▶ What the task asks
Write out all the data verbatim. Skip images.

Supplied records Start Marker

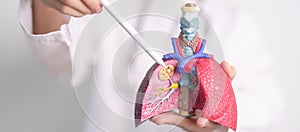 Doctor with Smoker and normal Lung anatomy for Disease. Lung Cancer, Asthma, Chronic Obstructive Pulmonary or COPD, Bronchitis,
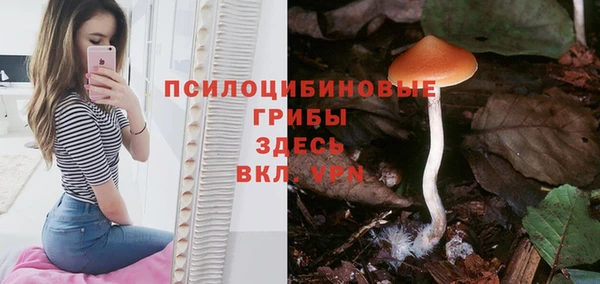 крисы Абинск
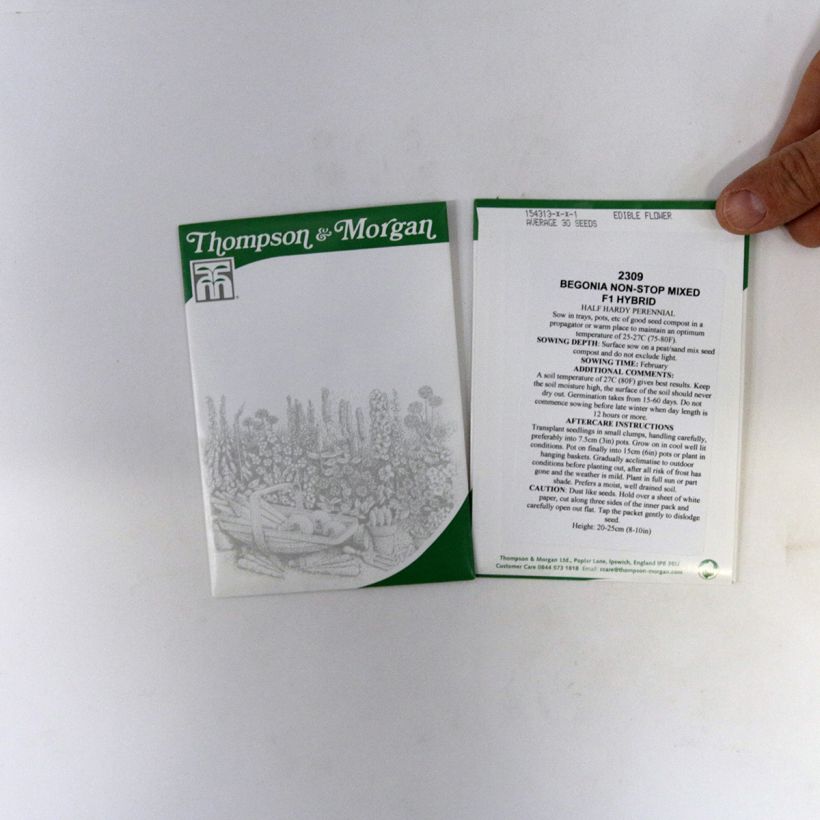 Example of Graines de Bégonia tubéreux Non-Stop Mixed F1 - Begonia x tuberhybrida per pack of 40 seeds as you get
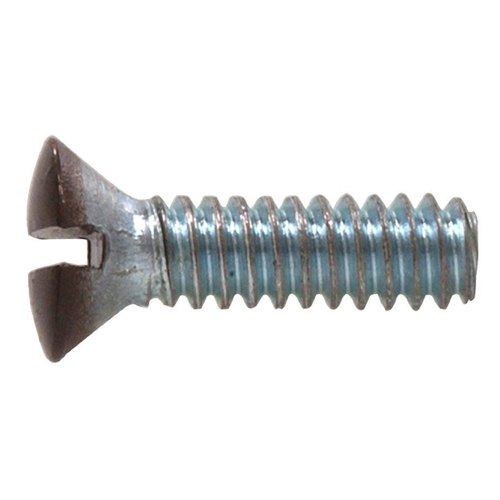 Slotted Oval Head Screw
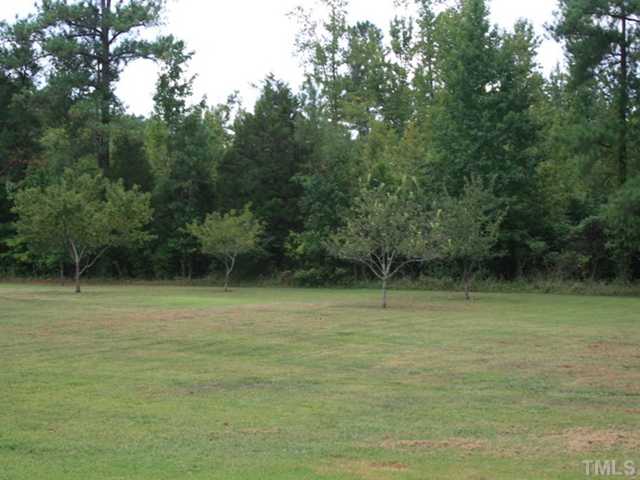 4053 Fairport Road Kittrell, NC 27544 - Photo 13 of 15 Nice level backyard with fruit trees already planted.
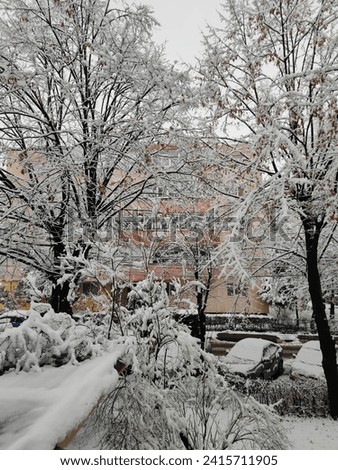 Discover a serene winter spectacle in this photo where snow-clad trees, parked cars, and city streets merge, creating a harmonious blend of nature and urbanity. The enchanting scene captures the quiet
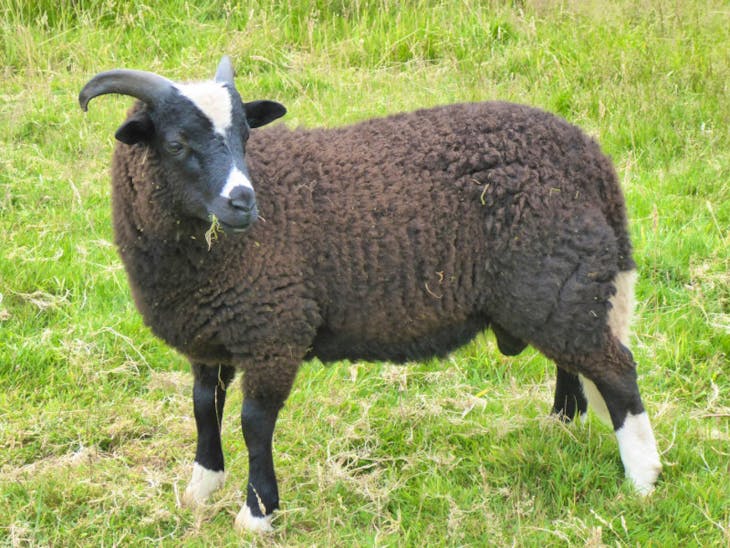 1 Balwen Welsh Mountain Breeding Ram | SellMyLivestock - The Online ...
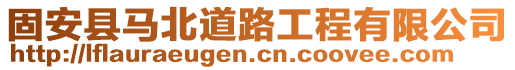 固安縣馬北道路工程有限公司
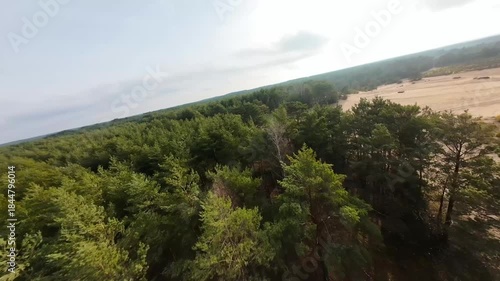 Trees Sand Dune Surfing 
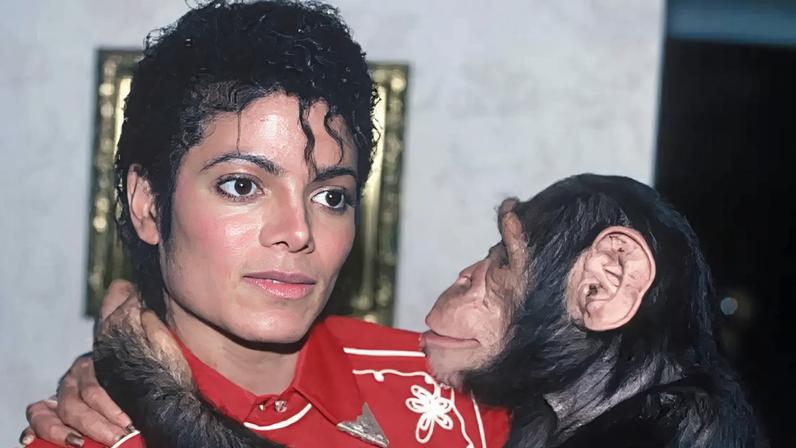 De chimpanzé de Michael Jackson a morador de santuário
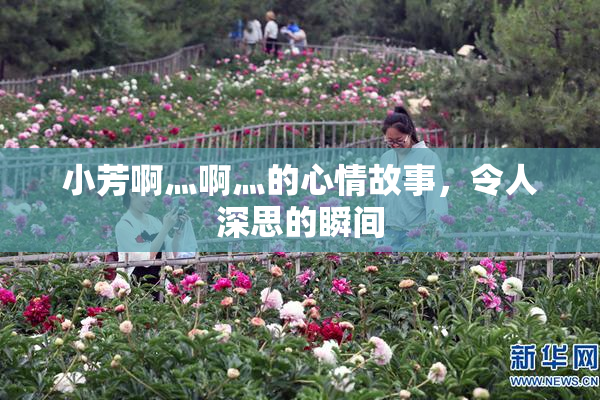 小芳啊灬啊灬的心情故事，令人深思的瞬间
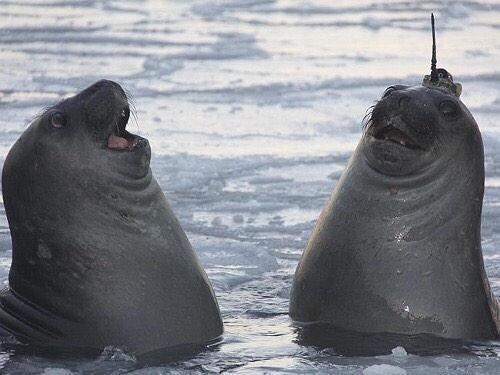 when u make a joke that only u and your friend get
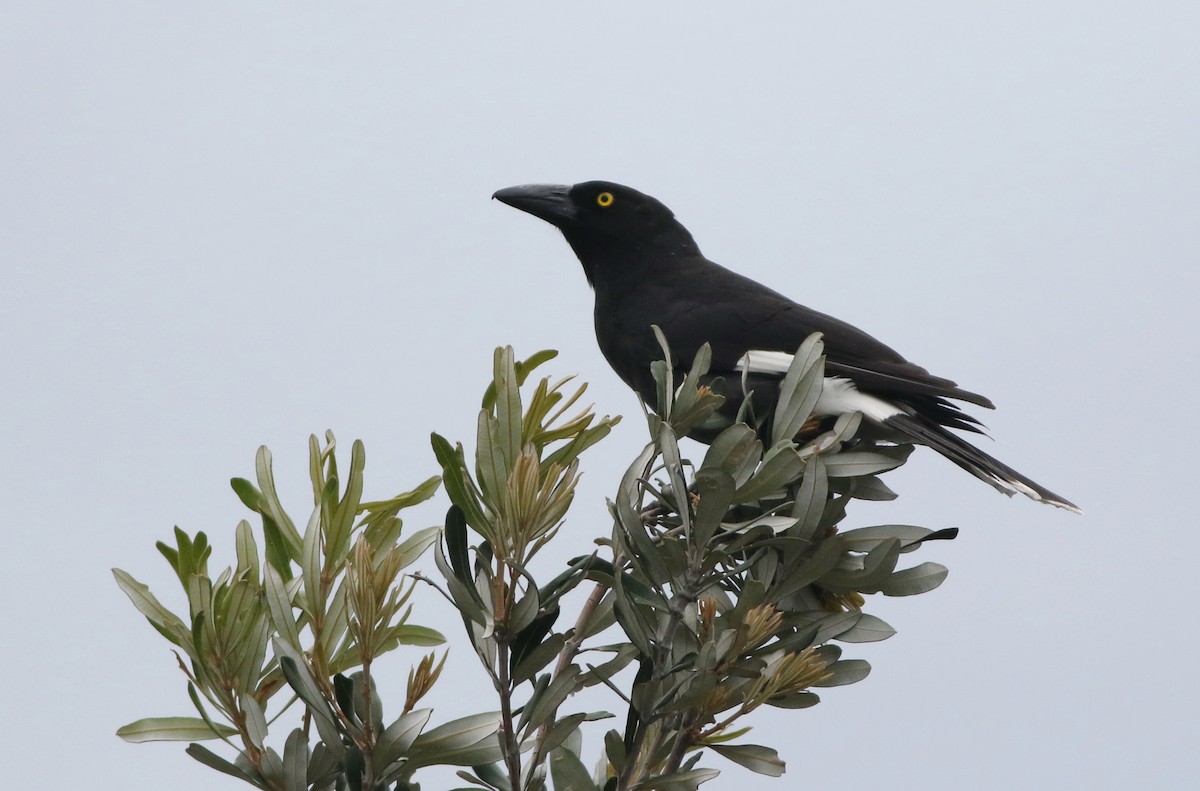 Pied Currawong - ML645701774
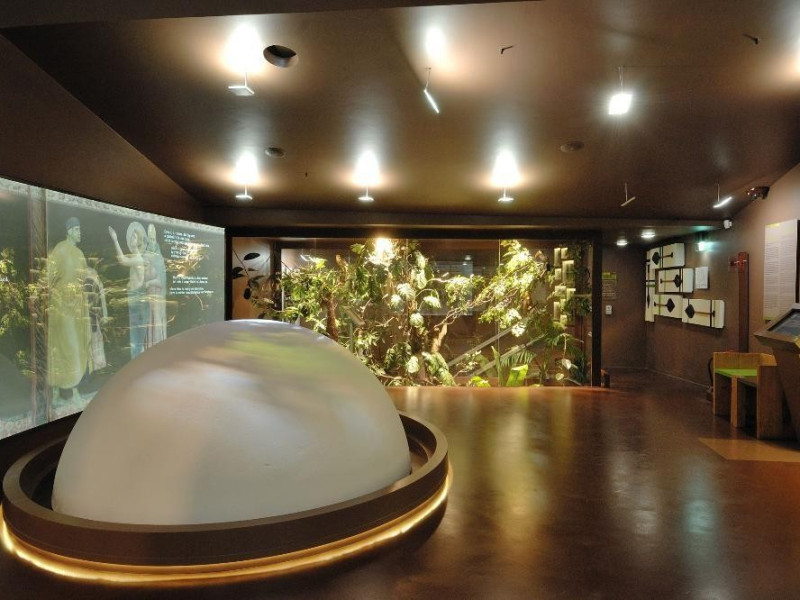 Sala espositiva Fedeli, Marcello; jpg; 2126 pixels; 1417 pixels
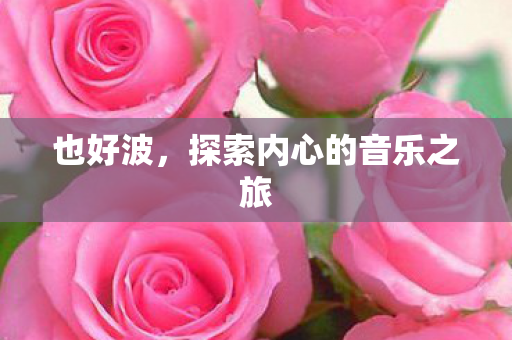 也好波，探索内心的音乐之旅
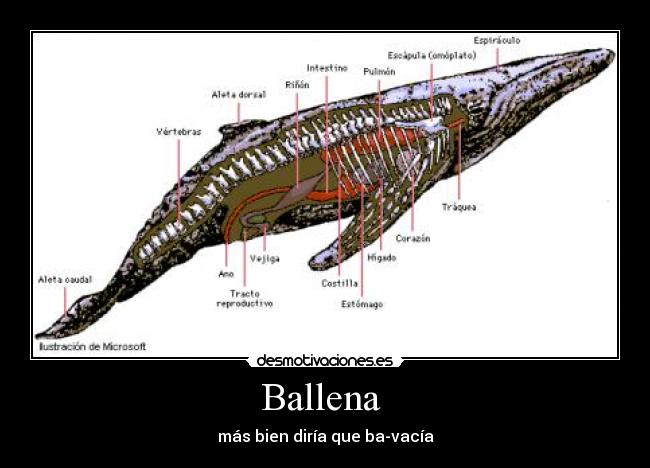Ballena  - más bien diría que ba-vacía
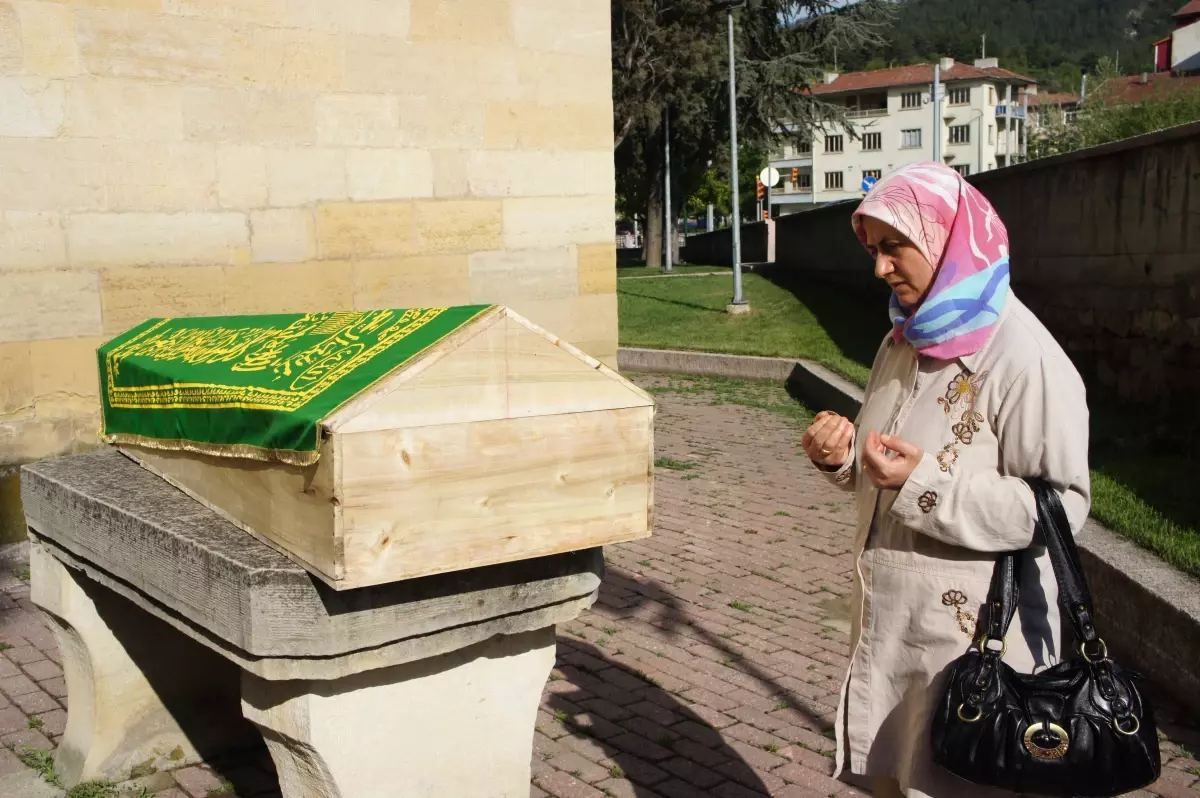 Kastamonu\'da Keneden Bir Kişi Öldü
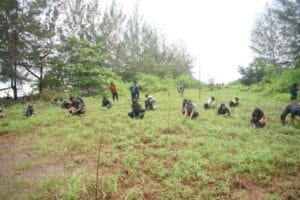 youth planting tree
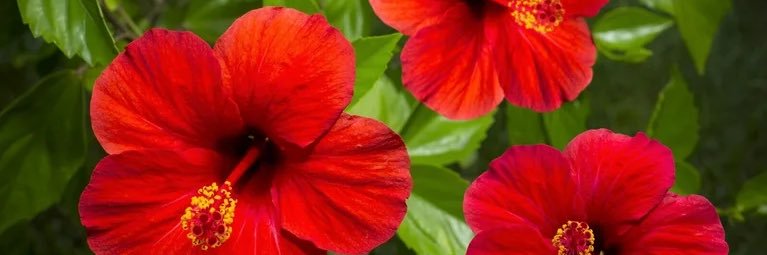 owaite's profile banner image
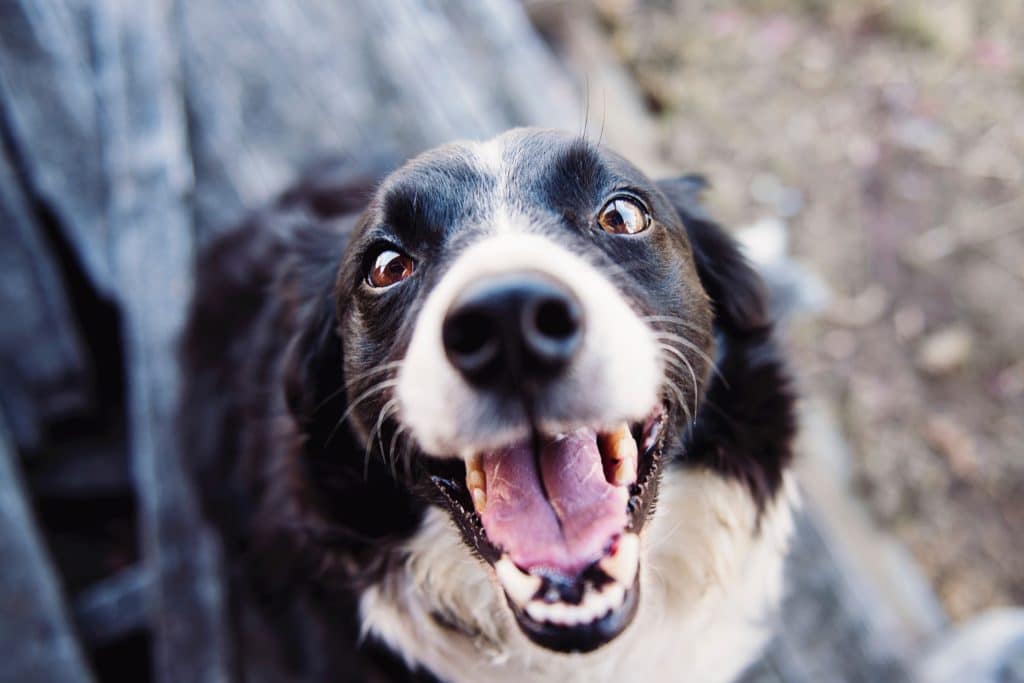 Perro blanco y negro con boca abierta sonriendo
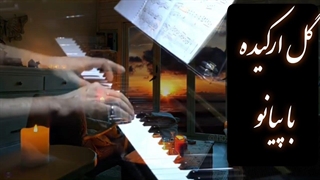 آهنگ گل ارکیده | موسیقی بی کلام گل ارکیده با پیانو _  Tango to evora piano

Supplied records End Marker

▶ Your response
 Doctor with Smoker and normal Lung anatomy for Disease. Lung Cancer, Asthma, Chronic Obstructive Pulmonary or COPD, Bronchitis,
 крисы Абинск
 Example of Graines de Bégonia tubéreux Non-Stop Mixed F1 - Begonia x tuberhybrida per pack of 40 seeds as you get
 Slotted Oval Head Screw
 4053 Fairport Road Kittrell, NC 27544 - Photo 13 of 15 Nice level backyard with fruit trees already planted.
 Discover a serene winter spectacle in this photo where snow-clad trees, parked cars, and city streets merge, creating a harmonious blend of nature and urbanity. The enchanting scene captures the quiet
 1 Balwen Welsh Mountain Breeding Ram | SellMyLivestock - The Online ...
 固安縣馬北道路工程有限公司
 Trees Sand Dune Surfing 
 De chimpanzé de Michael Jackson a morador de santuário
 小芳啊灬啊灬的心情故事，令人深思的瞬间
 when u make a joke that only u and your friend get
 Pied Currawong - ML645701774
 Sala espositiva Fedeli, Marcello; jpg; 2126 pixels; 1417 pixels
 也好波，探索内心的音乐之旅
Ballena  - más bien diría que ba-vacía
 Kastamonu\'da Keneden Bir Kişi Öldü
 youth planting tree
 owaite's profile banner image
 Perro blanco y negro con boca abierta sonriendo
 آهنگ گل ارکیده | موسیقی بی کلام گل ارکیده با پیانو _  Tango to evora piano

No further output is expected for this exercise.